Have you ever ventured into the PPC twittersphere? People are sharing hints, celebrating victories, joining together in shared frustration over Facebook ruining everything (sorry, Facebook, but your platform breaks way too often for a company boasting $16.9 billion in second quarter revenue). If you work in PPC, you are a part of a great online community. But as great as we all are, and we are all pretty great, all too often I see and hear grumblings about change.
Advertising platforms have their own agenda (see Facebook revenue numbers above). So I get it when Google or Microsoft come at you touting their latest greatest new and improved thingamajig, you want to stand up and say, “Damn the man! Save the Empire!” But here’s the thing: you may be able to save your record store (campaign) from being bought out (automation) and keep it running for one more night but eventually you are going to have to let go. Record stores close. Blockbusters go out of business. Manual optimizations fail.
The manual methods that work are the exception, not the rule. Repeat that to yourself every time you think you are outsmarting the system. Now before y’all tear me apart for drinking the Google Kool-aid, (because even though I said the PPC twittersphere is a pretty great place, y’all can be snarky. I won’t name names. You know who you are.), I am not saying you should implement every single recommended action in your account the moment it appears. That would be bananas. B-A-N-A-N-A-S. Here’s what you should do:
Learn everything you can about the latest initiative. If you have a platform rep, ask them tough questions. If you don’t have a platform rep, read all press releases and blogs and community boards. A high school English teacher always told me, “You have to know and understand the rules before you can break them.” She was referring to comma splicing but you get the idea. If you know and understand the change, you are better equipped to know if going against the recommendation is going to be the right move.
Test everything out. But with this ‘do’, comes a huge list of ‘do nots’ (not to be confused with donuts).
- Test something for a week. Not a big enough sample size
- Test something with a tiny fraction of spend. Identify a strong, reasonable, proportionate amount of budget to devote to the test.
- Test something on a low traffic campaign, unless the test is set up to drive more traffic to said campaign.
- Don’t go into it cursing the powers that be. Approach with optimism and good intent and you will be pleased with the outcome.
Look (listen), I am not always thrilled about PPC platforms adding and taking away features. I still go looking for the Display Planner in Google. I still consider myself relatively new to this industry and I’m always learning. Always. Which makes it exciting. Can you imagine working in an industry that doesn’t change and adapt? Poor Coke tried something new in 1985 and people freaked out.

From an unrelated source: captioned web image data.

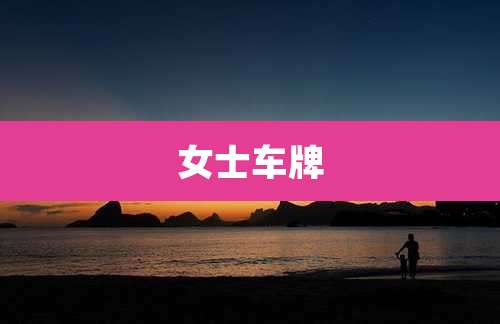 女士车牌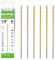 HLOFIZI 1/8 x 6 Inch Extra Long Drill Bits (6 Pack), Aircraft Drill Bit Titanium M2 High Speed Steel for Wood, Plastic, PVC, Thin Metal Sheet
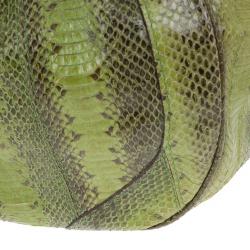 مملوكة مسبقًا Dolce and Gabbana Green Snakeskin East West Bag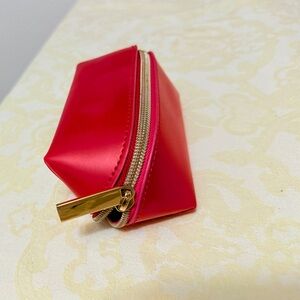 Elizabeth Arden Mini Red Cosmetic Bag Makeup Pouch NWOT
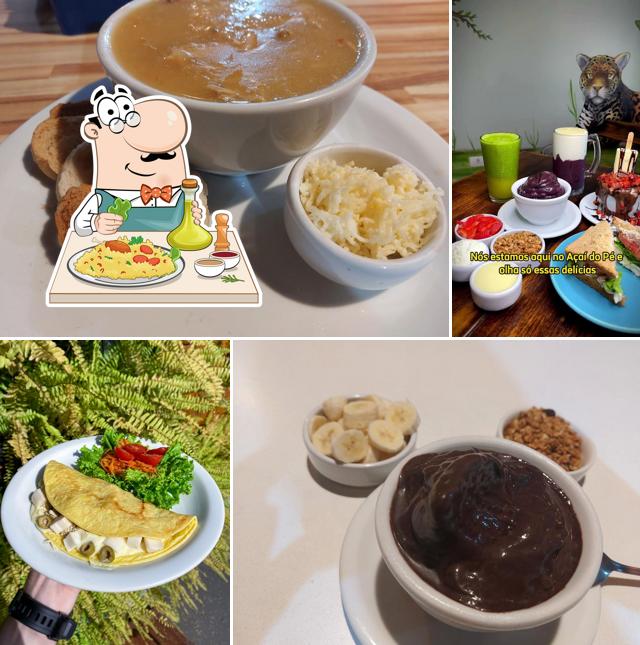 Platos en Açaí do Pé - Restaurante de comida saudável em São Carlos - Açaí, Crepes, Caldos, Sucos, Água de côco e lanches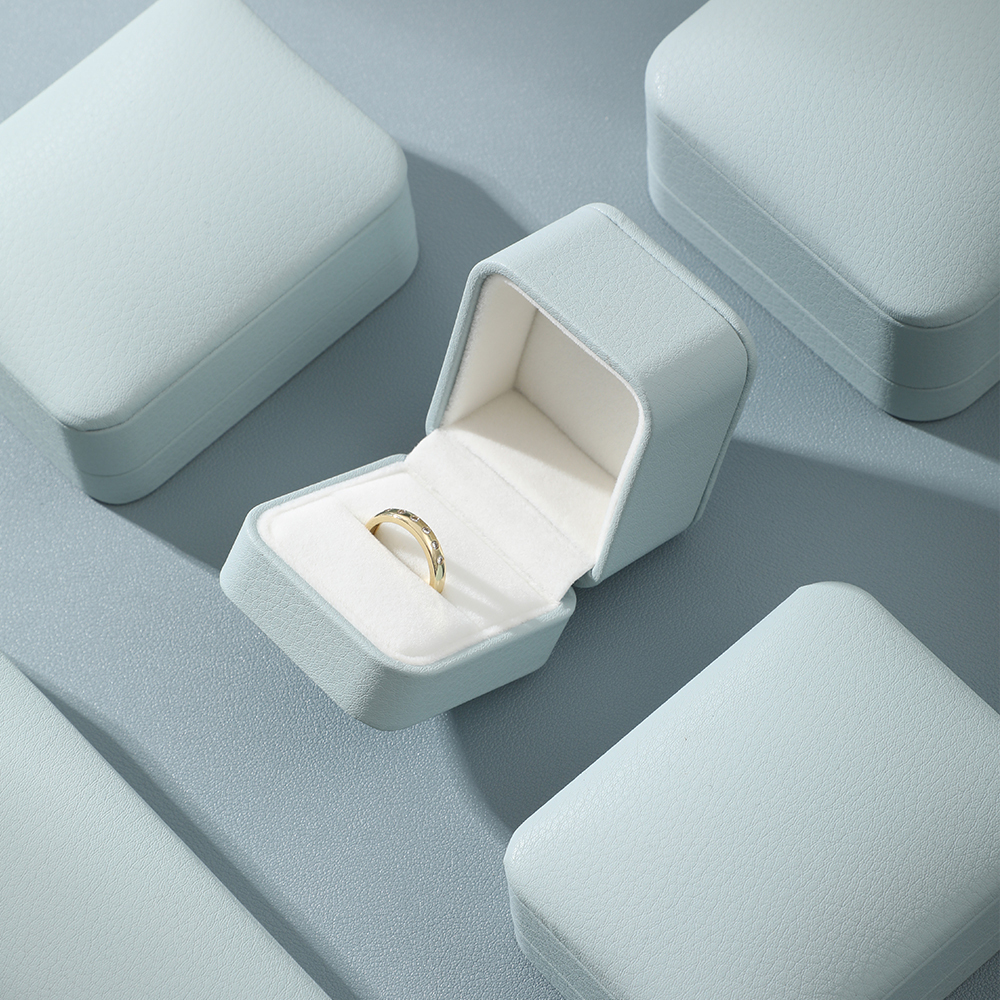 Yinbeini PU Leather Bracelet Box Long Necklace Earrings Storage Box Jewelry Display Organizer Wedding Ring Box Gift Proposal Box
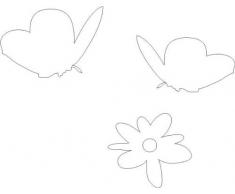 INDIGOS 4250380557380 Wandtattoo W360 Schmetterlinge Wandauskleber in 3 Größen, 80 x 61 cm, weiß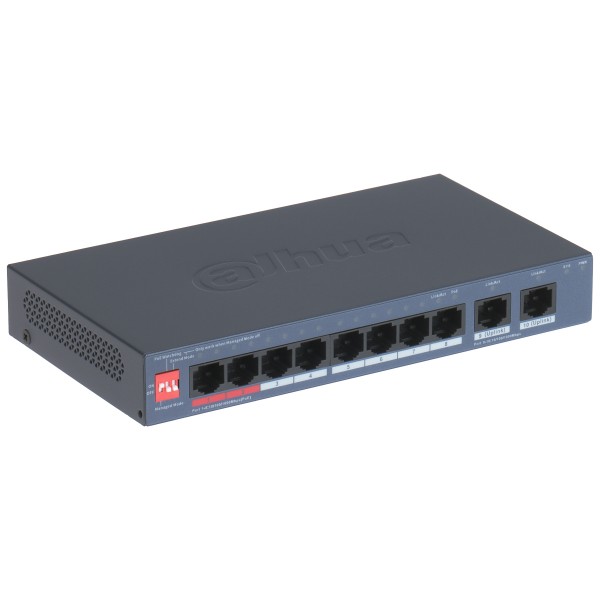 Switch Poe Cs4010-8Gt-110 10-Portowy, 8 Poe Dahua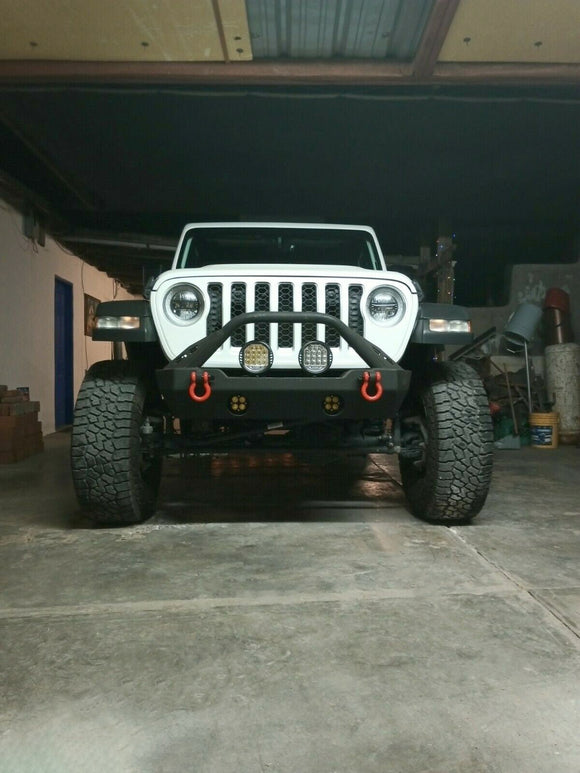 2010 - 2018 Jeep Wrangler JK 4WD LED Cube Fog Light Pods Bumper Bracket - WeiSen - ZT159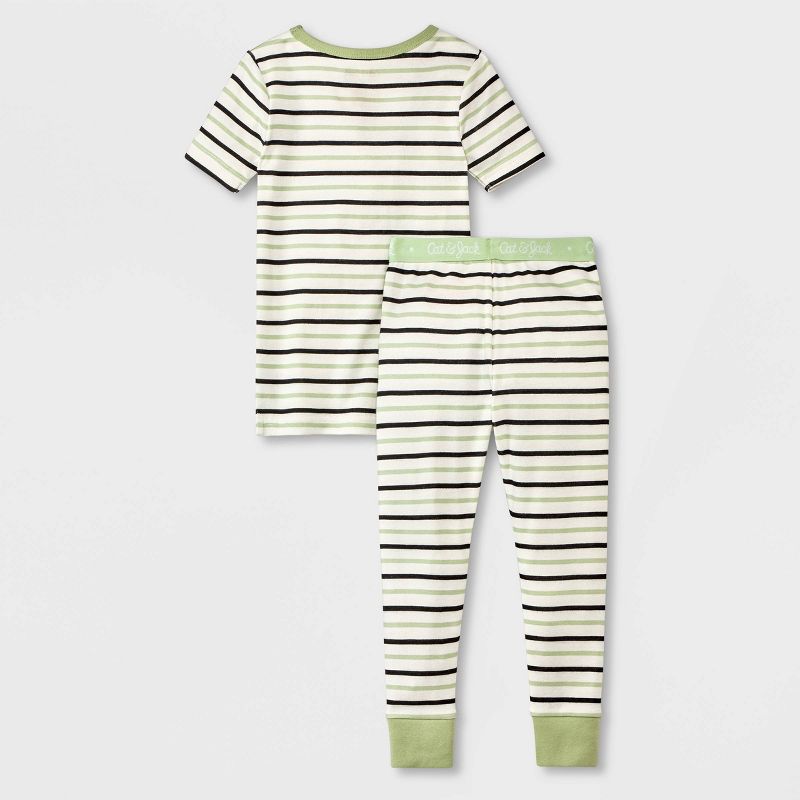 Toddler Boys' 4pc Sun & Striped Pajama Set - Cat & Jack™ Black, 3 of 5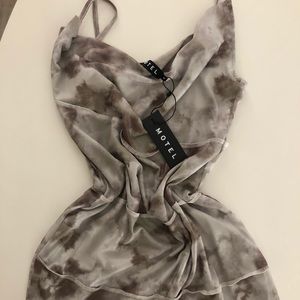 NWT MISS JOSLIN X MOTEL MINI DRESS IN MESH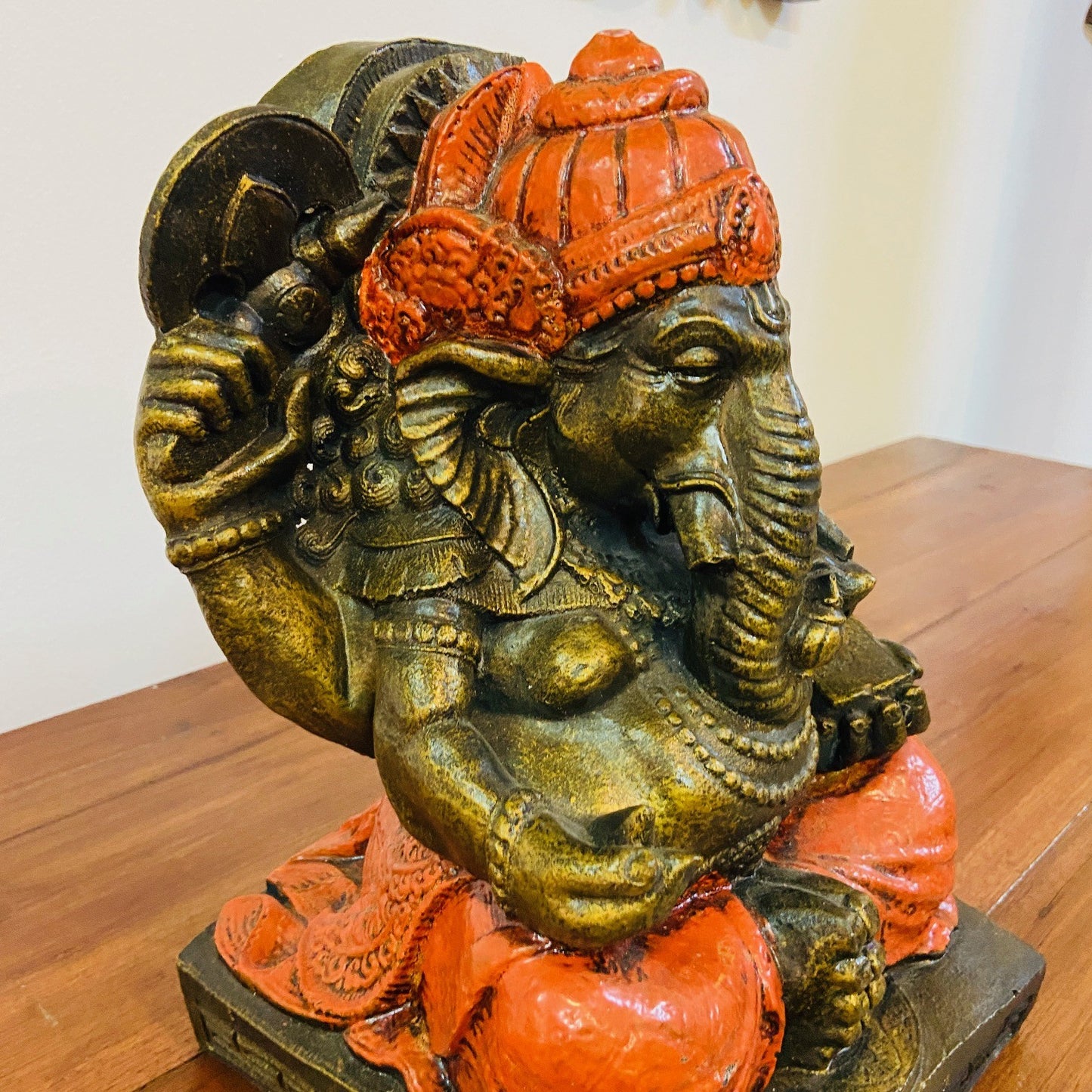 Statue d'éléphant Ganesh, divinité hindoue de style ethnique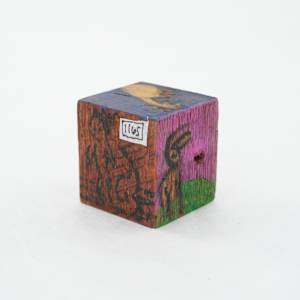 Hand Painted Wood Block by Rumiko "Rumi"  Tsuda Estate, Image 2.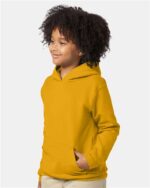 Hanes Youth Hooded Sweatshirt, Ecosmart Pullover Hoodie - Image 2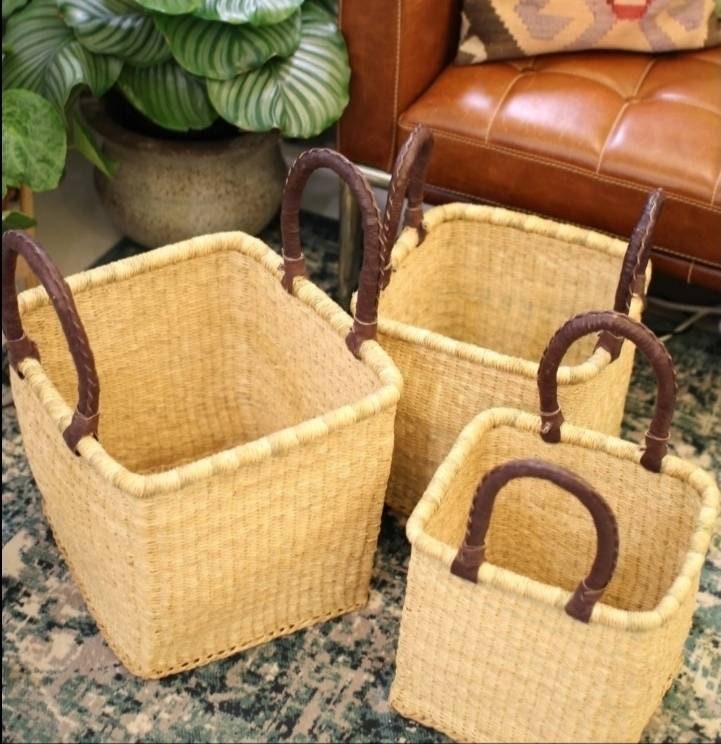 Book Gift Basket | Basket Planter | Mothers Day Gift Basket | Gardner Gift Basket | Garden Basket | Market Basket - AfricanheritageGH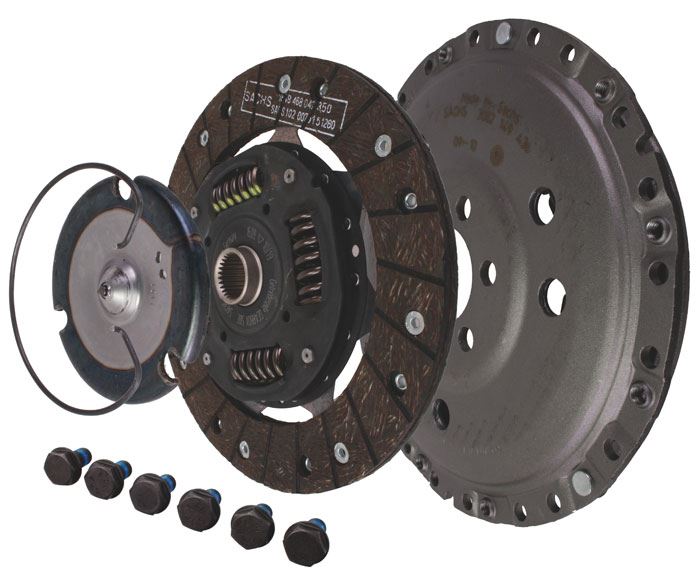 MK2 GOLF Clutch Kit, 210mm, Mk2 Golf/Jetta 1.8 16V 2/86-10/91 - 027198141C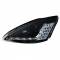 Fanale anteriore auto Moos daylight nero anteriori h1 per Ford Focus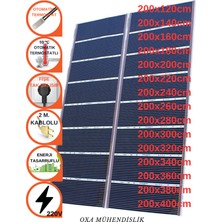 Oxa Karbon Film Isıtıcı Otomatik Termostatlı 200CM En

Make things easier on yourself
If you could take all the chores you hate to do and automate them would you? Please sign me up for a robot that takes my clean, folded laundry from the basket and puts it in the drawers. PPC is made up of so many tiny metrics that spin a web for us to work through. It is easy to get tangled in tasks. Keep your eye on your north star goal and let automation be your guide. Sure you are going to have to keep things in check. But if you are managing thousands and thousands of keywords, why in the world would you want to do bid changes manually. Gross. Almost as gross as New Coke.
“If you want something enough and your heart is pure, wondrous things can happen!” Famous words from Joey Tribiani. I had to fit one more pop culture reference in here. I recently attended a training and the trainer was talking about intent. When we approach a situation–be it a tough conversation or a sticky problem–with good intentions, we can get what we need and want. Ulterior motives, hidden agendas, wanting to prove a point to huge corporations like Google and Microsoft won’t do you much good. You will fall behind. You will be miserable. You won’t be able to catch up. You want success in PPC? Approach automation with an open mind.
Some of my RSAs are working great. Some are working okay. A good handful of my Target CPA campaigns are killing it. A few still need some work.
Without automation, some of my campaigns would be doing great and some wouldn’t. That is PPC.